At a solidarity rally held on Wednesday in Abuja, the students expressed their support for the refinery and called on the Federal Government to defend it against what they termed “the machinations of economic saboteurs.”
Led by its National President, Comrade Eshiofune Paul Oghayan, the students said thousands of Nigerian polytechnic, monotechnic, and college of technology students would continue to benefit from Students Industrial Work Experience Scheme (SIWES) placements at the Dangote Refinery and its allied industries.
According to Oghayan, the refinery serves as an industrial classroom where students “exchange chalkboards for control rooms, theories for turbines, and classrooms for creativity.”
The rally, themed “Protecting National Assets, Securing Youth Futures: NAPS Solidarity with Dangote Refinery for Economic Growth and Stability,” saw hundreds of students carrying placards and chanting solidarity songs in defence of the refinery.
Some of the banners read: “Attack on Dangote is an attack on Nigeria,” “Dangote Refinery: Restoring Hope, Restoring Nigeria,” and “From Classroom to Industry, Nigerian Students Stand.”

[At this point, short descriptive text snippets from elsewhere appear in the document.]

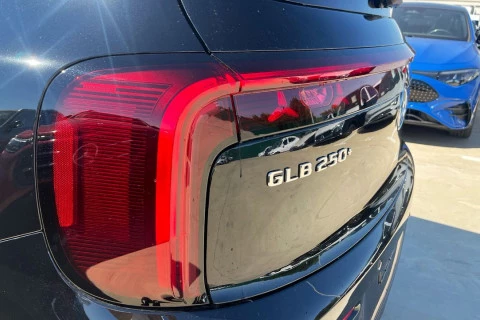 Mercedes-Benz GLB GLB 250+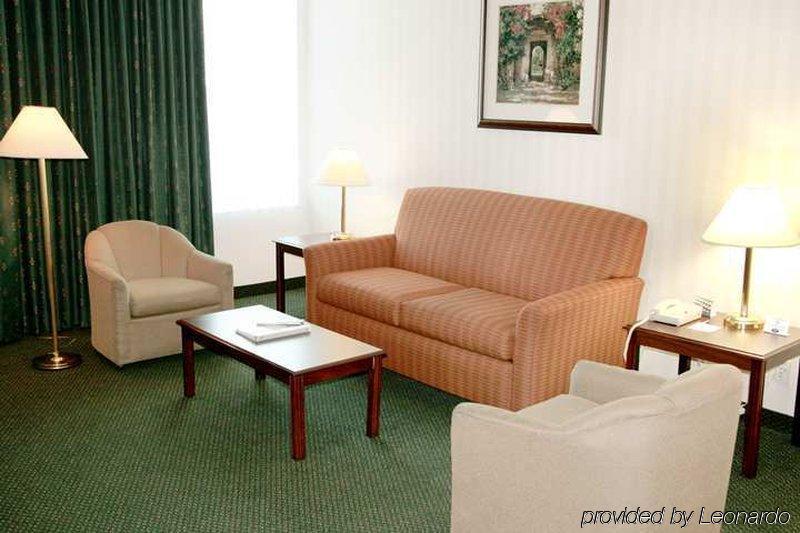 Hampton By Hilton Hotel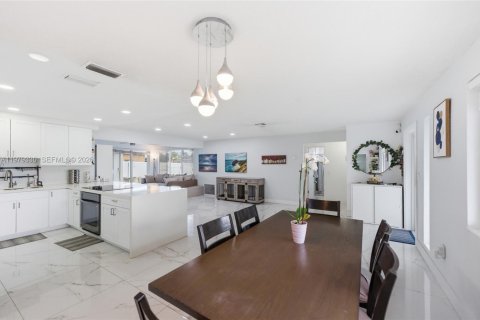 Casa en venta en Pembroke Pines, Florida, 2 dormitorios, 133.41 m2 № 2050114 - foto 8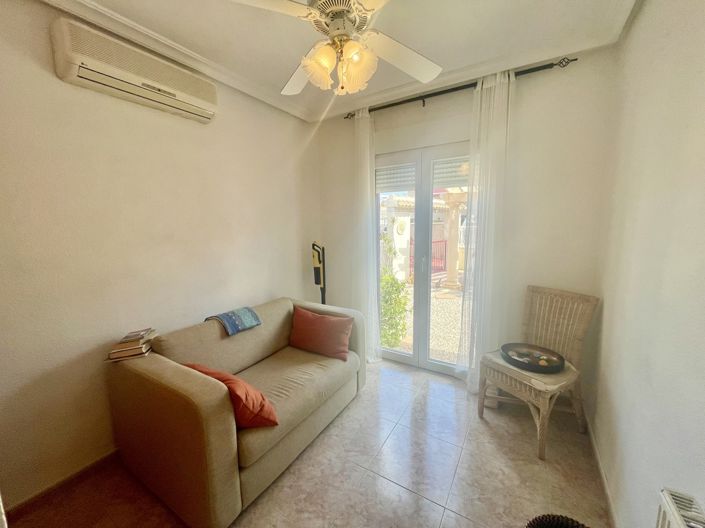 Image No.19-3 Bed Villa for sale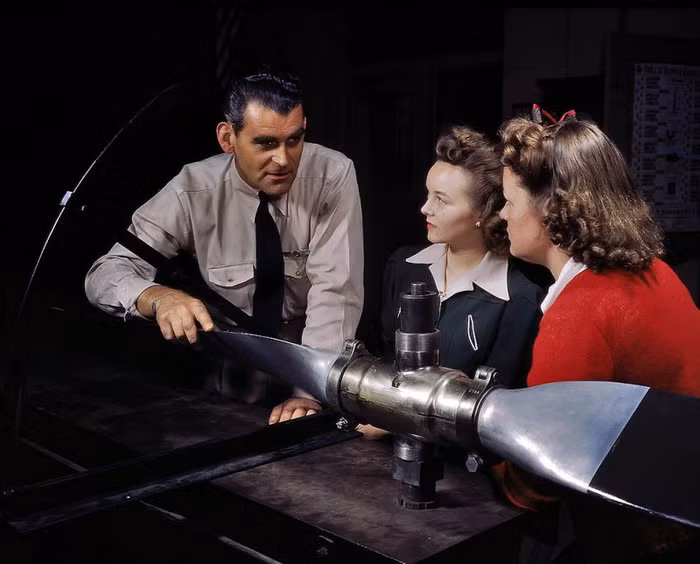 Sinh viên tại trường trung học Washington ở Los Angeles, 1942.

Oghayan described the multi-billion-dollar facility as “a national fortress built on private sacrifice,” stressing the need to shield it from vested interests allegedly bent on frustrating Nigeria’s industrial rebirth. He urged the Federal Government to allocate 100 per cent of the crude oil supply to the refinery to enable it to reach full production capacity.
“When we feed this refinery fully, it will flood the market with supply, crash fuel prices, and stabilise our economy,” he said.

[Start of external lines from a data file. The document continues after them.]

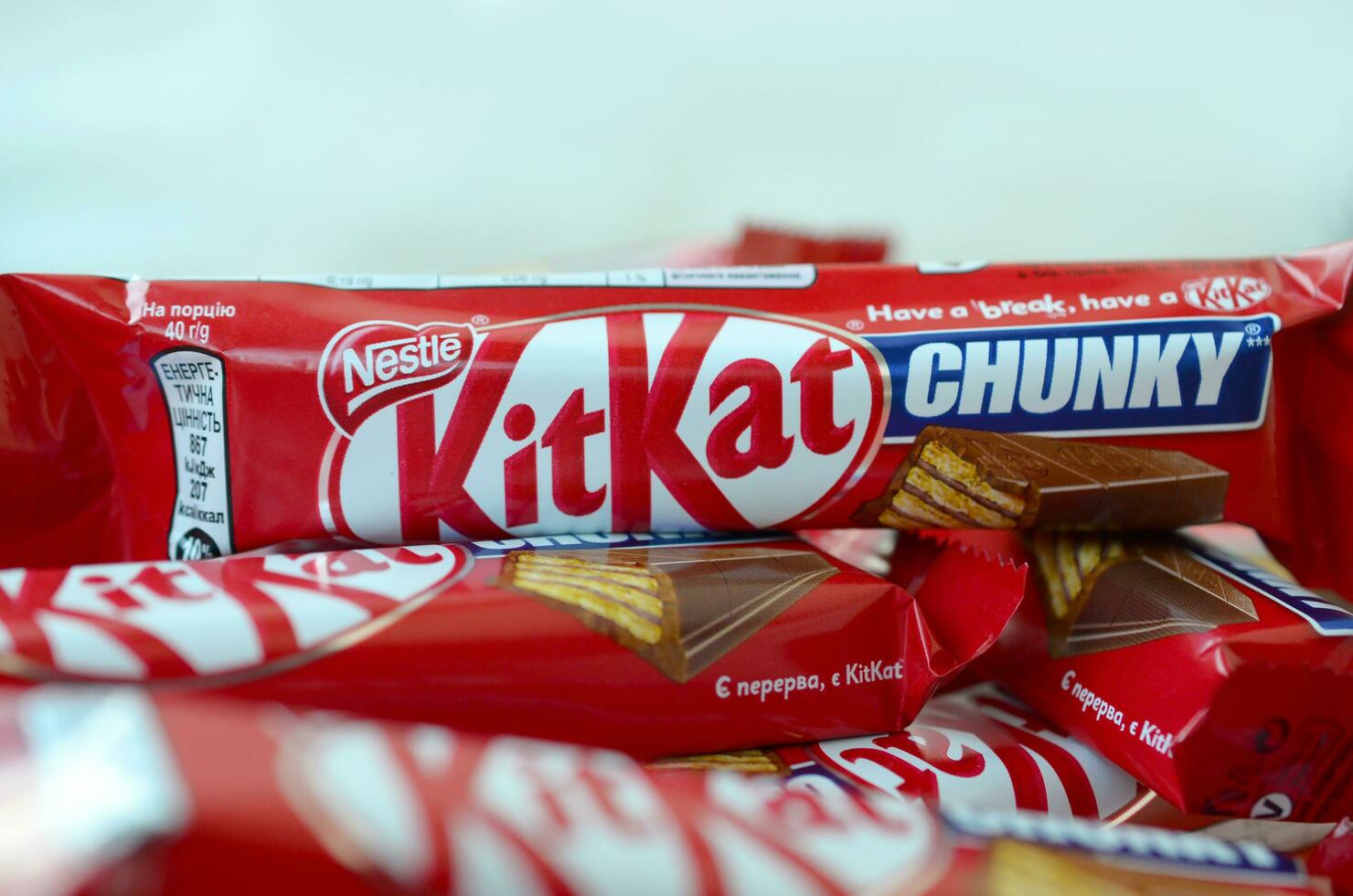 kit Kat è un' cioccolato coperto wafer bar creato nel 1911 di Rowntree di York, Inghilterra. annidarsi quale acquisito Rowntree nel 1988 adesso vende kit Kat globalmente foto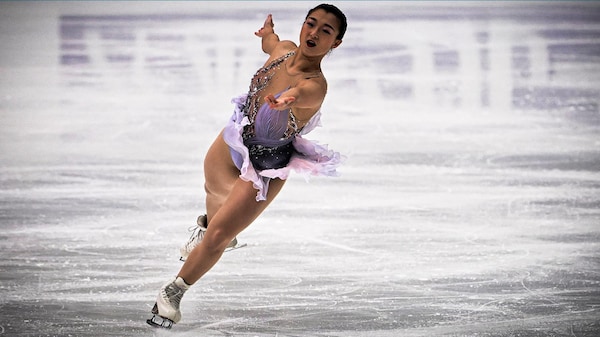 La patineuse japonaise Kaori Sakamoto en action sur la glace.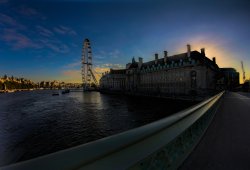 Sunrise over London Eye Wallpaper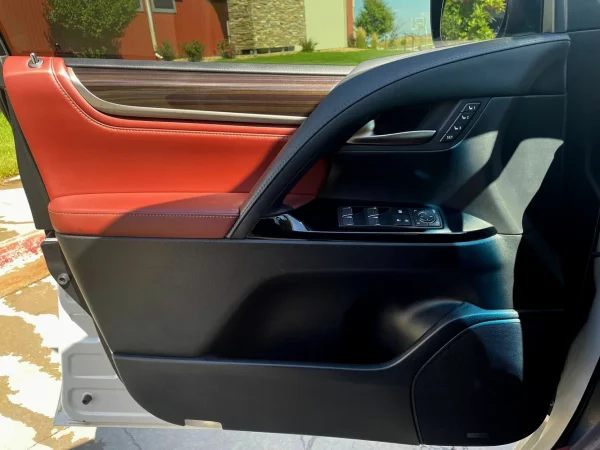 2019 Lexus LX570 Three-Row - Image 11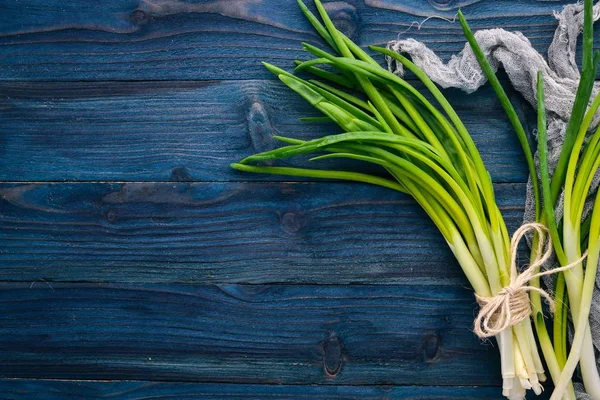 Verse Groene Een Houten Achtergrond Bovenaanzicht Vrije Ruimte Voor Tekst — Stockfoto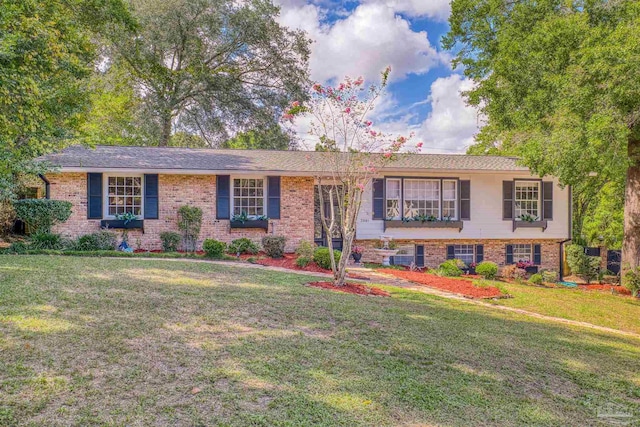 view of front of property with a front yard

He further urged ministries and agencies to prioritise locally refined products, noting that the move would stimulate industrial growth, create jobs, and reinforce Nigeria’s economic sovereignty.
“Buy Nigerian, use Nigerian, and defend Nigerian,” Oghayan charged. “The nations that dominate the world became great by protecting what they produce and producing what they protect. Nigeria must do the same.”

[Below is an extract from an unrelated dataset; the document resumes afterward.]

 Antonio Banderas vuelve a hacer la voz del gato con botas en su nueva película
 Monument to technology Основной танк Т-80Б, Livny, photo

Describing the facility as “the refinery of tomorrow built today,” Oghayan said the plant currently refines 650,000 barrels per day of crude and produces Euro-6 standard fuels, with plans to expand capacity to 1.4 million barrels per day, making it the world’s largest single-train refinery.
However, he cautioned against what he described as attempts by vested interests within PENGASSAN, NUPENG, and DAPMAN to derail its operations, accusing them of advancing the interests of petroleum importers.
“The same forces that killed the Kaduna, Port Harcourt, and Warri refineries are rising again — not with guns, but with strikes, deceit, and blackmail,” he alleged.
Oghayan reaffirmed that Nigerian youths would resist any plot to undermine the refinery, declaring that “an attack on the Dangote Refinery is an attack on Nigeria’s industrial future.”